To address which specific serine/threonine kinases may be responsible for γ-catenin stabilization in Hep3B cells after β-catenin KD, we used six different inhibitors with specific activities. As described in Materials and Methods section, around 45 hours after transfection of Hep3B cells with β-catenin or control siRNA, the cells were treated with the inhibitors: H-89 (inhibits PKA, CaM kinase II, PKC and casein kinase I); PKG inhibitor (inhibits PKG and PKA); bisindolylmaleimide I (PKC inhibitor); KN-93 (CaM kinase II inhibitor only); ML-7 (inhibits myosin light chain kinase) and staurosporine (broad range). We compared the extent of increase of γ-catenin upon β-catenin KD following treatment with these inhibitors as assessed by densitometric analysis. While γ-catenin continued to increase around nine-fold after β-catenin KD in Hep3B cells when treated with DMSO, ML-7, or KN-93 and around six-fold with BIS and staurosporine, only 1.75-fold increase was evident after treatment with H-89 (Figure 4C). No impact on γ-catenin was evident with water or PKG inhibitor treatment.

To further substantiate the role of PKA in γ-catenin stabilization after β-catenin KD, we next studied response to 3 hours of H-89 at low (150 nM) and high (20 µM) concentration on γ-catenin expression at 21 and 45 hours after β-catenin or control siRNA transfection. Both doses are within the range of specifically inhibiting PKA since concentration of only 30 µM or more impacts other serine/threonine kinases such as CaM kinase II, myosin light chain kinase, and casein kinase I [52]. At a 24-hour time point, there was a two-to three-fold induction in γ-catenin after β-catenin KD that was decreased by H-89 treatment at 150 nM or 20 µM by around 20% (Figure 4D). However, at 48 hours, there was a decrease in γ-catenin by around 40% with 150 nM and by 50% with 20 µM of H-89 treatment for 3 hours (Figure 4D). Lastly, using bioinformatics approach, we queried human γ-catenin protein sequence for potential PKA kinase substrate motifs using the Human Protein Reference Database PhosphoMotif Finder [53]. This led to the identification of 23 putative PKA phosphorylation sites in both the human and mouse junctional plakoglobin proteins, supporting the possibility of PKA phosphorylation of γ-catenin (Table 2).

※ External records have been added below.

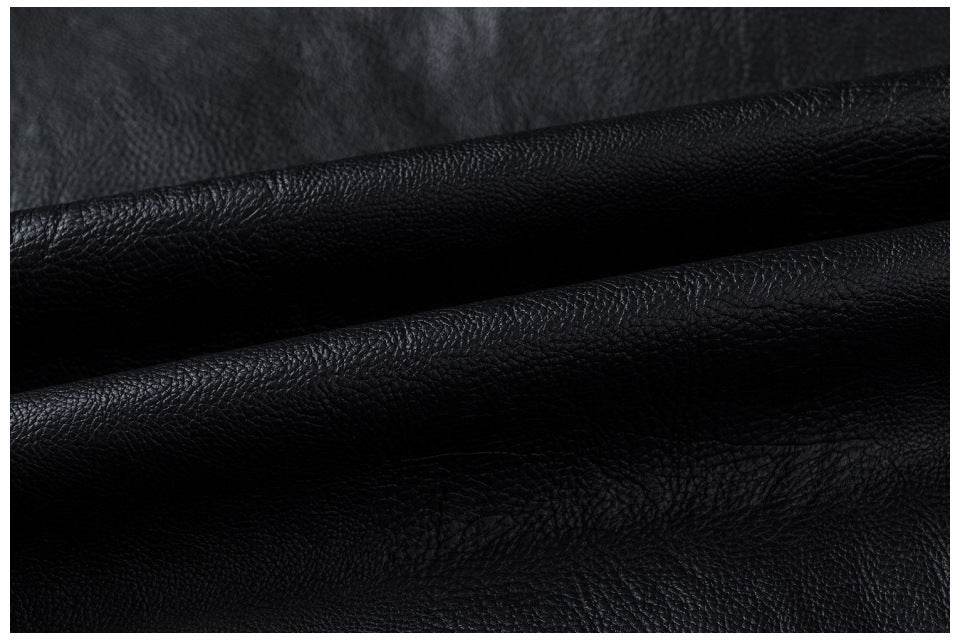Motorcycle Stitching Leather Jacket Men Stand Collar Retro - Velora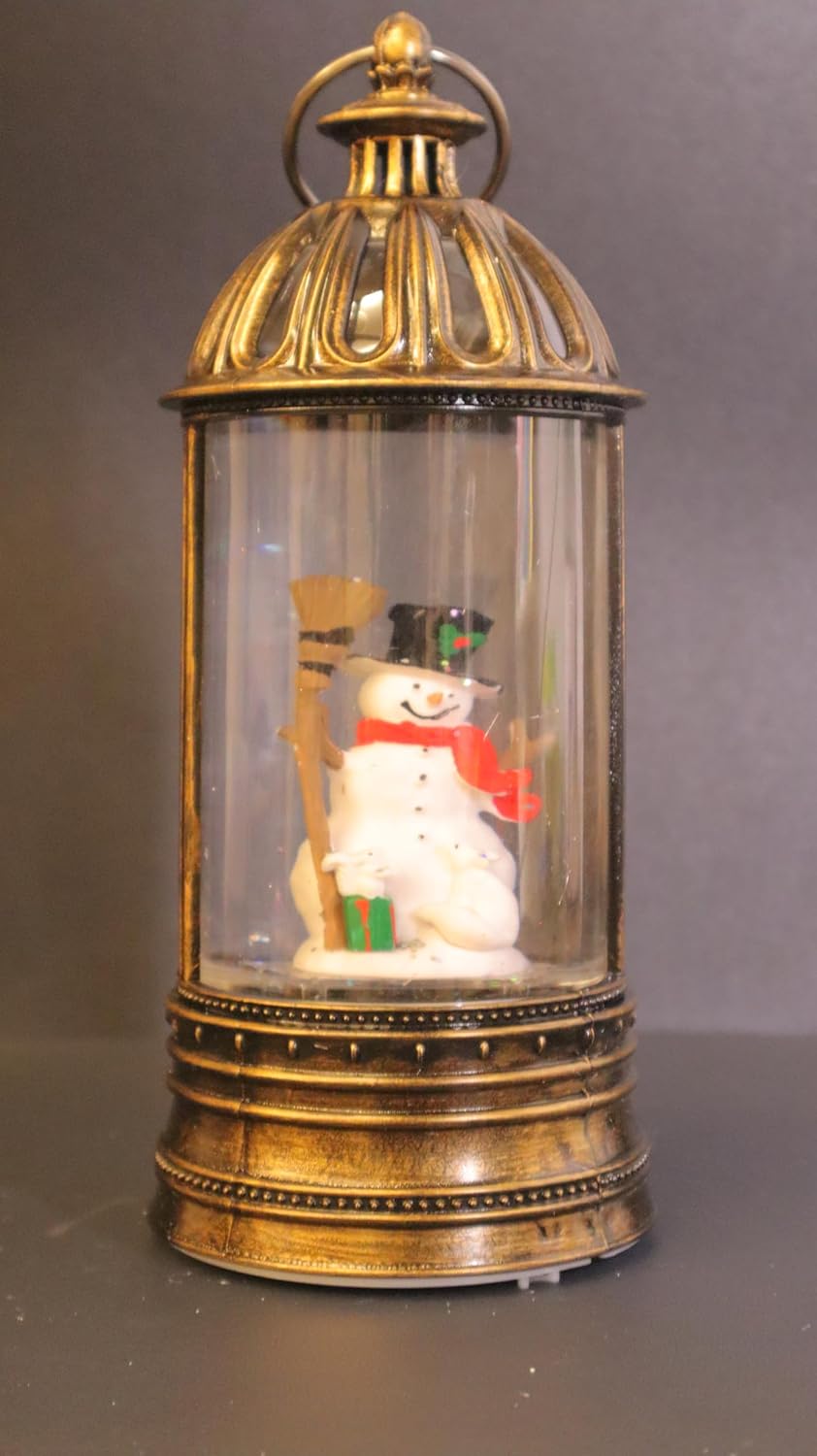 Christmas Snow Globe Lantern with Timer, Antique Bronze Finish, LED Light, Snowman Figure, 27 cm Height, Swirling Glitter, Holiday Decoration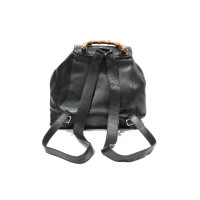 Gucci Bamboo Backpack aus Leder in Schwarz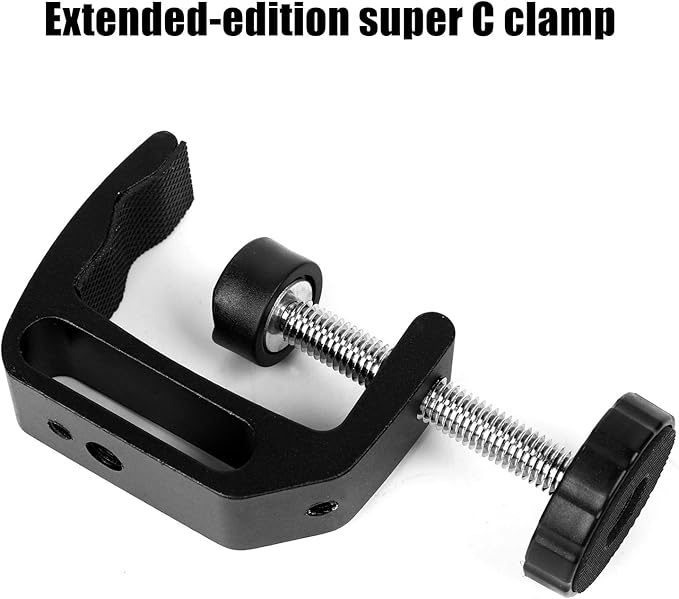 WANBY Camera Clamp Mount Double Ballhead Table Magic Arm Monitor Desk Mount Bracket with Super Clamp with 1/4" and 3/8" Thread for DSLR Camera Rig, LCD Monitor, LED Flash Lights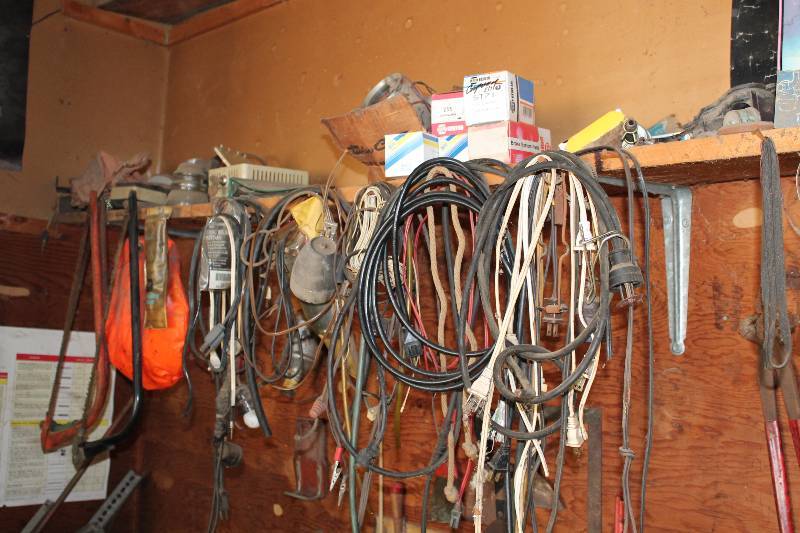 lot 155 image: Contents On and Hanging From Including Wiring Tools Car Parts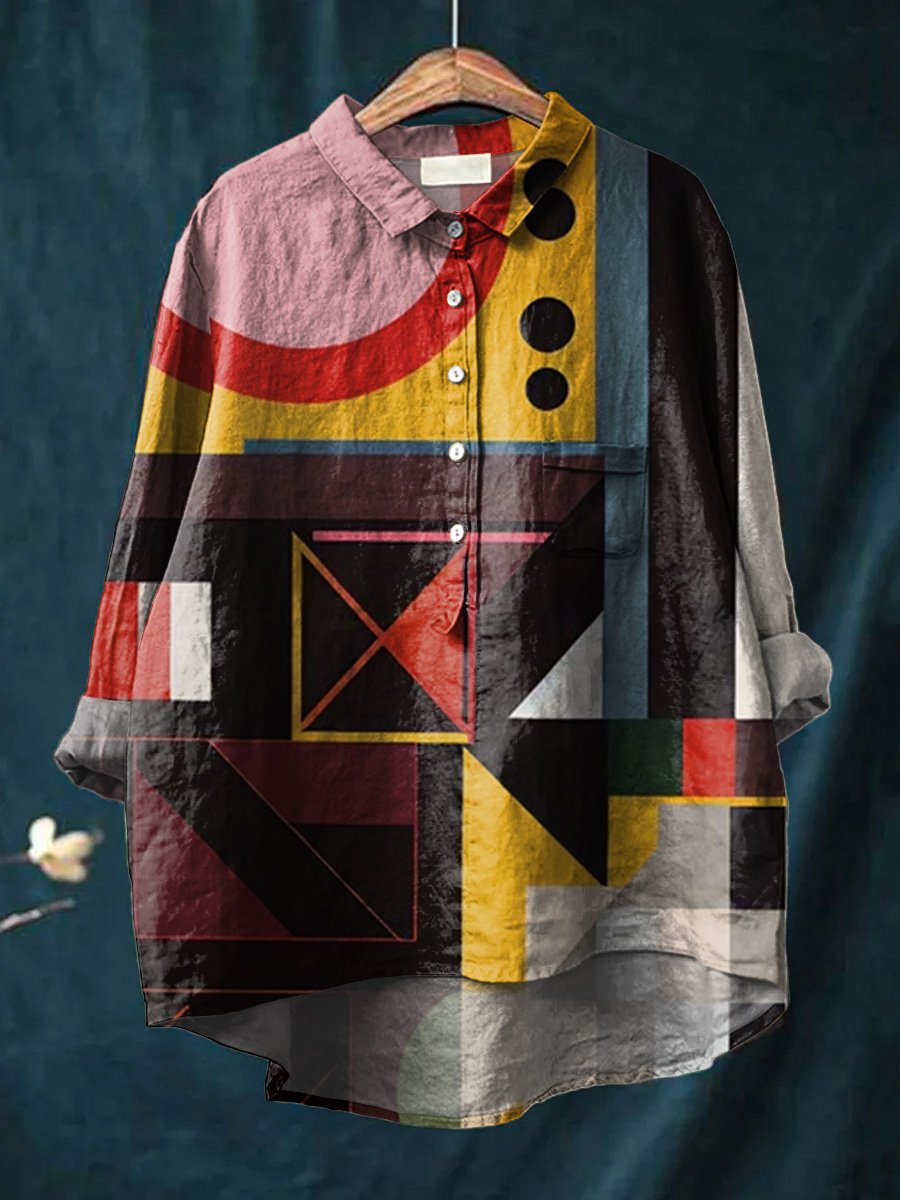 Women's Abstract Print Art Casual Cotton And Linen Shirt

siRNA-Mediated Double KD of β- and γ-Catenins In Vitro in Hep3B Cells

To try and effectively tease out the individual roles of β- and γ-catenins in HCC cells and to address biologic implications of γ-catenin stabilization following β-catenin KD, we investigated the feasibility of double KD (dKD) of β- and/or γ-catenin in addition to single KD (sKD) in Hep3B cells. WB analysis of siRNA-treated Hep3B cells at 24, 48, and 72 hours shows that the KD of these proteins is visible by 24 hours after transfection and persists to at least 72 hours after transfection (Figure 5A). Importantly, the increase in γ-catenin with β-catenin KD is apparent at all time points (Figure 5A). Additionally, the Hep3B cells transfected with single or double siRNAs appear healthy and viable at all time points tested and lacked any obvious changes in cell morphology (data not shown).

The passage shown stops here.